Some thoughts on Peep Show

Jim Gavin
5 min readJan 31, 2016

--

Around 2004, I bought a cheap region free dvd player for $30 so I could watch all the deranged comedies a British pal of mine brought back from home. This was during the brief golden age that produced a wave of super high concept niche shows like The Mighty Boosh, Garth Marenghi’s Darkplace, and Nathan Barley. I loved all of them. Around the same time the first season of Peep Show aired. Compared to everything else I was watching, it seemed fairly conventional, your basic odd couple comedy, a chronicle of male depravity, but with one minor twist: it was all done through POV shots, and you got to hear the interior thoughts of the protagonists, Mark and Jez. I thoroughly enjoyed the first season, but didn’t pursue it afterward. That strange little golden age passed and for many years I was content with all the good stuff happening here.

Then Netflix streaming happened, and all seven seasons of Peep Show were suddenly available. Now old and broken, I rewatched the first season in a trance (“How thick is wall?”), finally appreciating its genius, and like Paul on the road to Damascus etc etc. Soon I was a proper Peep Show degenerate, blazing my way through all seven seasons in a few days, and then starting over. I’ll go cold turkey for a while, but then I’ll want to watch a certain episode, say the one where Mark pretends to be a university student (“just another moment that will haunt me for the rest of my life”), and I’ll have to watch them all, again. It’s a sad existence, in a way, but in another way I don’t care. Now, as I prepare to watch the final season, a few stray and probably unoriginal thoughts:

Hell

At some point, while chasing the dragon, I unlocked the show’s central narrative conceit: Mark and Jez ALWAYS get what they want, and when they do, it’s fucking horrible. Mark’s pursuit of Sophie is the prime example, of course, but it happens throughout, in ways big and small. Getting what you want is a form of hell, and Peep Show is nothing if not a complete and terrifying vision of hell, the Inferno set in Croydon. In the original, Virgil makes clear to Dante that all the souls in Hell remain there by choice. They can’t let go of whatever vice or mad desire put them there in the first place, and so they spend eternity walking in circles, making the same mistake over and over. And it’s not just Mark and Jez. One of my favorite aspects of the show is the way secondary characters always come back. They all exist in the same hell and they can’t escape each other. It’s wonderful!

Super Hans

Super Hans is the finest character in the history of television. He’s drawn with total precision, and yet he always remains a mystery. We only get to see him in glimpses, and each one feels like a privilege. This is how he seduces us. Super Hans is the ultimate bounder, and like Grimes in Decline & Fall, he seems to be “of the immortals.” He existed before us, and he will exist after us. Each day he dives headlong into the dark waters of creation and has himself a nice old wallow. His language is rich and insouciant, a crack-addled patois that rivals the grandeur of Falstaff. I’ve spent a lot of time imagining a show that just follows him around, but it would be impossible, like staring into the sun.

The Episode

When I told my British pal that I was making my way through Peep Show, he asked if I had “seen it yet.” I said, “Seen what?” He said, “The episode?” I said, “What episode?” And he said, “You’ll know it when you see it.” At this point I was in Season 3 and every episode seemed like it could be the notorious land mine that was supposedly waiting for me. But I kept going, making my way into Season 4, and there I finally came to the episode, and there was no mistaking it. To my unending horror and delight, it surpassed my expectations. It’s probably the most twisted thing I’ve ever seen on television, and it seemed there was no way these characters could get any lower. And yet somehow, the next episode is even worse/better! You know which episode I’m talking about.

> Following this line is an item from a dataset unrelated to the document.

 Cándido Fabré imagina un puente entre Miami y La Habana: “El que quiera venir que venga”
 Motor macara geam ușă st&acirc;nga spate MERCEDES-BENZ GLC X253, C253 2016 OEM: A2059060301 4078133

Context and Exposition (glorious lack of)

I could go on and on about the writing on Peep Show, but the thing I admire most is the way the writers trust the viewer. From the first scene, they drop us into a world without context or exposition, and let the characters develop before our eyes. Every new scene feels organic because we’re dropped right into the middle of it, and yet there’s never a sense of dislocation, or a sense that we need more information. We get the slightest hints of Mark and Jez’s past, and it’s more than enough. By the time Mark’s dad shows up in Season 7, for the worst Christmas dinner ever, we already know all about him, and he’s only been mentioned in passing a few times. In Season 1, we get one stray reference to “Big Suze,” and then she shows up at the top of Season 3, without further context or explanation and yet fully integrated into the world. This kind of efficiency is miraculous.

Plumbing Sales

I worked for a couple years as a plumbing supplies salesman. In Season 8, the writers, trying to find a new low for Mark, some terminus of humiliation and despair, make him a plumbing supplies salesman.

Bah…that’s probably enough. I’m certain there are analyses out there even more thorough and pointless than my own. Peep Show makes me laugh — that’s the main thing — and though it depicts the worst people on earth, or in Croydon, at least, it is redeemed by some deeply buried appreciation of human flaw and how we’re all struggling and trapped inside ourselves. OK…off to watch Season 9.